From Wouters et al. 2001 (R. Wouters, P. Lavens, J. Nieto, P. Sorgeloos,
2001. Penaeid shrimp broodstock nutrition: an updated review on research and
development. Aquaculture 202: 1-21):
Fresh or fresh-frozen marine organisms are used for acceptable
maturation and reproduction outputs. Often, these marine organisms are found
to give the best results when they are in a reproductive stage.
Squid and bivalves (mussel, clam, oyster) are generally the main food
items, fed at high daily ratios. Crustaceans like shrimp, crab and krill
are also fed to shrimp spawners, but due to the risk of disease
transmission, they are used less frequently nowadays.
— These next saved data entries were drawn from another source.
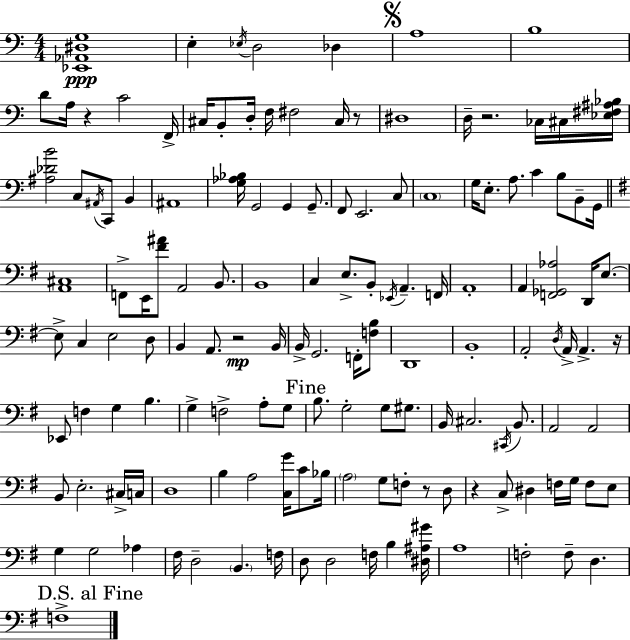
X:1
T:Untitled
M:4/4
L:1/4
K:Am
[_E,,_A,,^D,G,]4 E, _E,/4 D,2 _D, A,4 B,4 D/2 A,/4 z C2 F,,/4 ^C,/4 B,,/2 D,/4 F,/4 ^F,2 ^C,/4 z/2 ^D,4 D,/4 z2 _C,/4 ^C,/4 [_E,^F,^A,_B,]/4 [^A,_DB]2 C,/2 ^A,,/4 C,,/2 B,, ^A,,4 [G,_A,_B,]/4 G,,2 G,, G,,/2 F,,/2 E,,2 C,/2 C,4 G,/4 E,/2 A,/2 C B,/2 B,,/2 G,,/4 [A,,^C,]4 F,,/2 E,,/4 [^F^A]/2 A,,2 B,,/2 B,,4 C, E,/2 B,,/2 _E,,/4 A,, F,,/4 A,,4 A,, [F,,_G,,_A,]2 D,,/4 E,/2 E,/2 C, E,2 D,/2 B,, A,,/2 z2 B,,/4 B,,/4 G,,2 F,,/4 [F,B,]/2 D,,4 B,,4 A,,2 D,/4 A,,/4 A,, z/4 _E,,/2 F, G, B, G, F,2 A,/2 G,/2 B,/2 G,2 G,/2 ^G,/2 B,,/4 ^C,2 ^C,,/4 B,,/2 A,,2 A,,2 B,,/2 E,2 ^C,/4 C,/4 D,4 B, A,2 [C,G]/4 C/2 _B,/4 A,2 G,/2 F,/2 z/2 D,/2 z C,/2 ^D, F,/4 G,/4 F,/2 E,/2 G, G,2 _A, ^F,/4 D,2 B,, F,/4 D,/2 D,2 F,/4 B, [^D,^A,^G]/4 A,4 F,2 F,/2 D, F,4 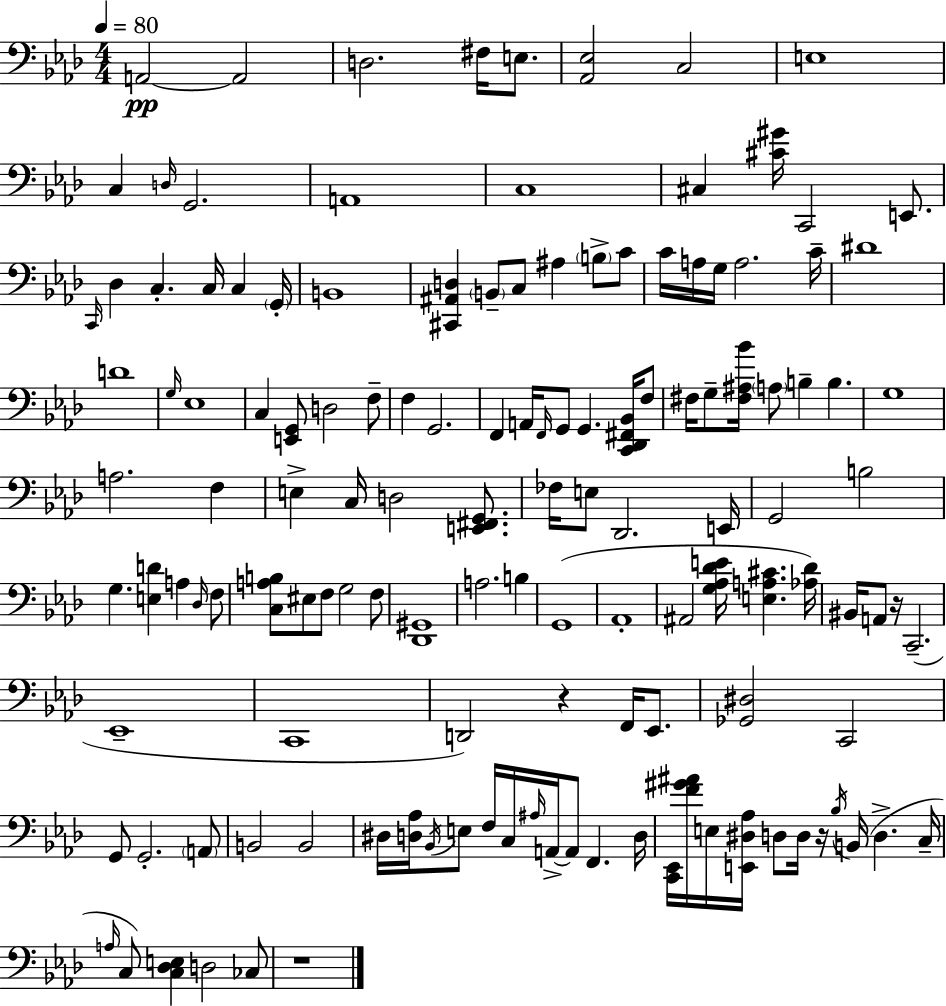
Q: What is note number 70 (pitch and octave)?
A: F3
Bloodworms (marine
polychaetes Glycera dibranchiata and Americonuphis reseii) and Artemia
biomass (ongrown Artemia) are used for diet supplementation. Bloodworm is
the most expensive ingredient used in hatcheries of the Western atmosphere,
and maturation operators feel it to be indispensable for stimulation of
ovarian maturation (Kawahigashi, 1998). Artemia biomass (usually boosted
with specific nutrients) has been reported to stimulate ovarian maturation,
increase spawn frequency and improve larval quality (Browdy et al., 1989;
Naessens et al., 1997; Wouters et al., 1999). Artemia biomass can also be
included into artificial broodstock diets as a freeze-dried meal to increase
diet ingestion and stimulate ovarian maturation (Wouters et al., 2000b). As
mentioned earlier, Middleditch et al. (1980) and Lytle et al. (1990)
attributed the success of bloodworm to its HUFA composition. On the
contrary, Luis and Ponte (1993) provide evidence that the bloodworm effect
in M. kerathurus is not related to its HUFA level, and also Naessens et al.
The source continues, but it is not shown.